__Try it__. Beginning with the line that contains "3D Bird Pack", return every line down to the last one in the material below, exactly and with no others.

__Exercise material__.

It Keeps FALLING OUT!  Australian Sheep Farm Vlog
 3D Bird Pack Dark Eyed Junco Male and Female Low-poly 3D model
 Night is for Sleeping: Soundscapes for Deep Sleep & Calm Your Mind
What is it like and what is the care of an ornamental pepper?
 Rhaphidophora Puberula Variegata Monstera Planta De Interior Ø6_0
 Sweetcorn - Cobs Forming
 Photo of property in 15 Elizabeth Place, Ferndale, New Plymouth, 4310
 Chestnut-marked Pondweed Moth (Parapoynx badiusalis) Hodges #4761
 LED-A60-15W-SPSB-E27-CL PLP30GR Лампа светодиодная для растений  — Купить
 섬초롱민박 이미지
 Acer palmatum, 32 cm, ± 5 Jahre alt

__Result__.
 3D Bird Pack Dark Eyed Junco Male and Female Low-poly 3D model
 Night is for Sleeping: Soundscapes for Deep Sleep & Calm Your Mind
What is it like and what is the care of an ornamental pepper?
 Rhaphidophora Puberula Variegata Monstera Planta De Interior Ø6_0
 Sweetcorn - Cobs Forming
 Photo of property in 15 Elizabeth Place, Ferndale, New Plymouth, 4310
 Chestnut-marked Pondweed Moth (Parapoynx badiusalis) Hodges #4761
 LED-A60-15W-SPSB-E27-CL PLP30GR Лампа светодиодная для растений  — Купить
 섬초롱민박 이미지
 Acer palmatum, 32 cm, ± 5 Jahre alt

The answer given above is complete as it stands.